Officials and people familiar with the matter say Biden plans to announce this week that he will increase the cap on the number of refugees allowed into the United States to more than eight times the level at which the Trump administration left it.
Former President Donald Trump had drastically reduced the refugee admissions cap to only 15,000 before he left office. Biden’s plan would raise that number to 125,000, an increase of 15,000 over the high ceiling set by former President Barack Obama before he left office.
The officials and others, who spoke on condition of anonymity ahead of the formal announcement, said Biden will make his plan public during a visit to the State Department on Thursday.
Biden may also address asylum claims for residents of Hong Kong there, according to one official. He indicated during his campaign that he was interested in providing protection to people persecuted by the Chinese government.
The sources said Biden would not necessarily override the record low cap of 15,000 that Trump set for the current budget year. Instead, the 125,000 figure would be proposed for the budget year beginning Oct. 1. The president is required by law to first consult Congress on his plans before making a determination.
Advocates had said that the backlog of tens of thousands of cases by the Trump administration had made it unlikely Biden’s target of resettling 125,000 refugees could be reached this year.

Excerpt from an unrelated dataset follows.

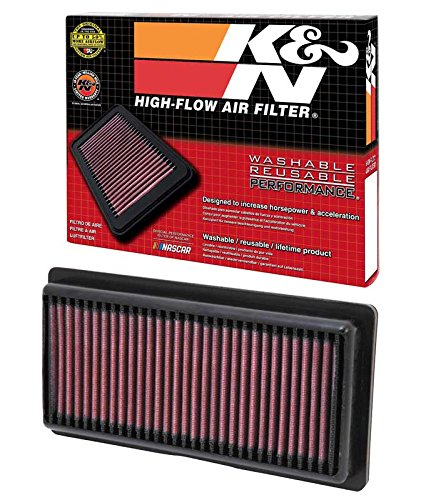 Air Filters K&N 33-2479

It will take time to rebuild the pipeline. More than one-third of U.S. resettlement offices were forced to close over the past four years with the drop in refugee arrivals and hundreds of workers were let go.
But some say Biden should not wait to raise the annual target for admissions.

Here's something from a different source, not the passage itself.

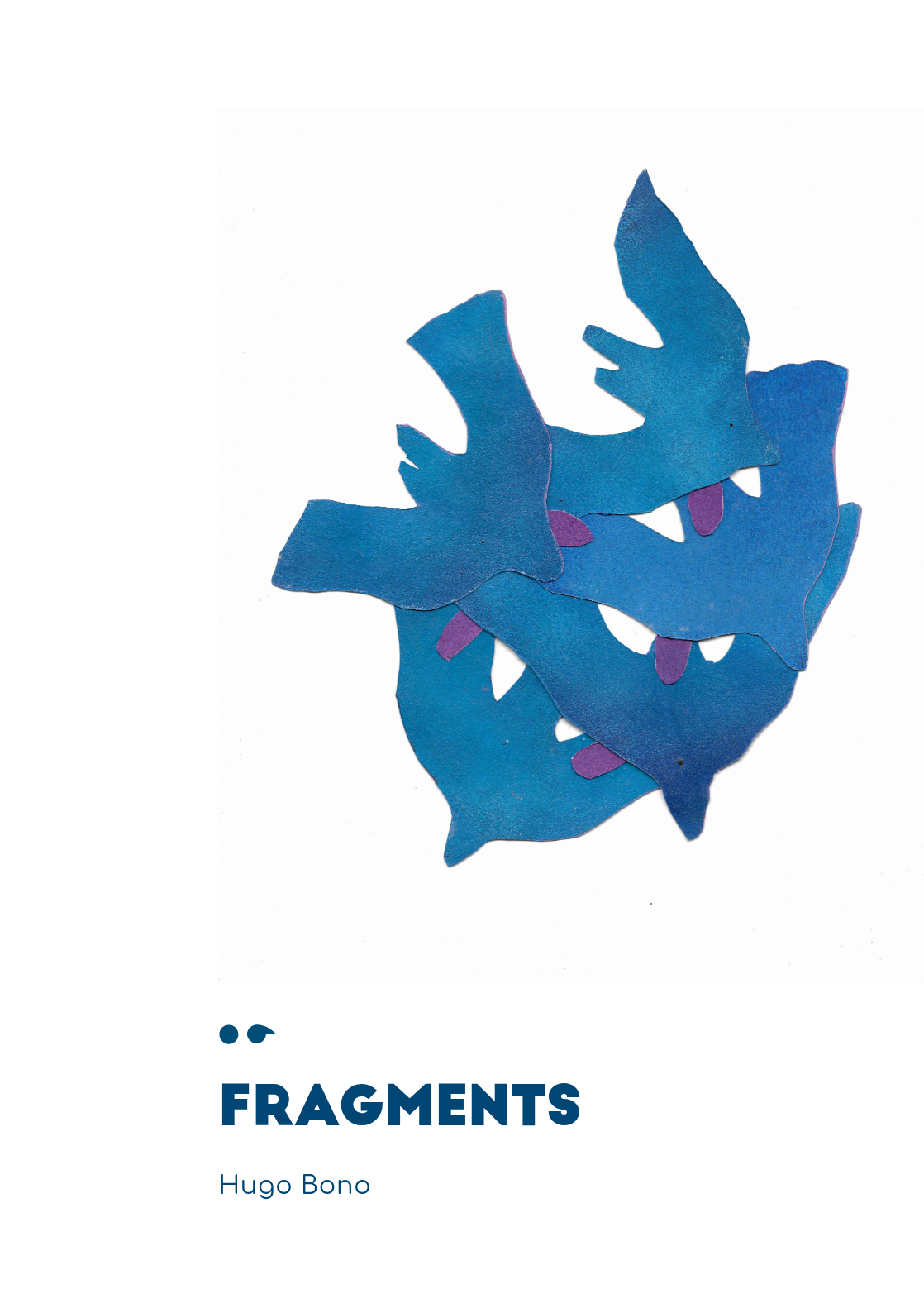 Cover of Fragments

“We hope that President Biden will substantially raise the refugee admissions goal immediately, as he consistently committed to on the campaign trail,” said Sunil Varghese of the New York-based International Refugee Assistance Project. “The president has the authority to raise refugee admissions mid-year to address the many humanitarian crises in the world, including those that have emerged or escalated recently, such as the situation facing pro-Democracy protesters in Hong Kong.”
Another issue that may be addressed Thursday is a review of vetting procedures, according to the officials and others.
The Trump administration had put in place extreme background checks that had brought the program to a standstill, advocates say.
The Trump administration also narrowed eligibility this year, restricting which refugees are selected for resettlement to certain categories, including people persecuted because of religion and Iraqis whose assistance to the U.S. put them in danger.
Biden is expected to do away with those categories at some point and have the program return to using the long-standing referral system by the United Nations High Commissioner for Refugees that makes selections based on a person’s need to be resettled.
Watson reported from San Diego.
This story has been corrected to show that Biden’s plan is an increase of 15,000, not 10,000, over Obama’s highest ceiling.